The spec is fine, my measurment gear was not. As I said, I had a friend with better gear come by and verify what my ears were already telling me - the tweets are fine. It is the stupid Mac soundcard that needs help!

The Audax drivers arrived today. Sadly one had a big knife wound in its cone. PE is sending a replacement postehaste.

Enclosed are two pics. The first is my super-technical test stand. Yes, I just hung a driver from a vacum cleaner. It is breaking in right now. Already I can tell the cone moves a lot more then the Pyle one I was using. I think the bass response is better, but once it is broken in some test will tell me what is going on. I have one of the OBs on the other channel (w/out the augmentation speaker) so I can switch back and forth to compare.
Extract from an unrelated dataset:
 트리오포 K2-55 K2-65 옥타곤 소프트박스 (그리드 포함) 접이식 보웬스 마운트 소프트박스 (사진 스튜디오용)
The second pic is a possible baffle idea I was thinking of trying. Since I'm trying to get the most baffle in the smallest place I figured a bowl might simulate wings in three dimension. Target had "medium" salad bowls for $9 each so I picked up two. A 6.5" driver will *just* fit on the flat part on the bottom. Even if I don't use these for this project they may become an OB full-range set at some point. :bigsmile:

As a side note playing both channels actually sounds really cool right now.


----------



## hdspeakerman (Dec 16, 2006)

Hi! I stumbled onto your project and I am quite interested. Your last post was in May. Anything new to report? Are you still experimenting?
Howard


----------



## BoomieMCT (Dec 11, 2006)

hdspeakerman said:


> Hi! I stumbled onto your project and I am quite interested. Your last post was in May. Anything new to report? Are you still experimenting?
> Howard


Nope. I felt I got all I could out of evolving this design and moved on to a new OB project. 

These are now in my parent's living room - they like them very much. I'd be happy to answer any questions about them that you might have.


----------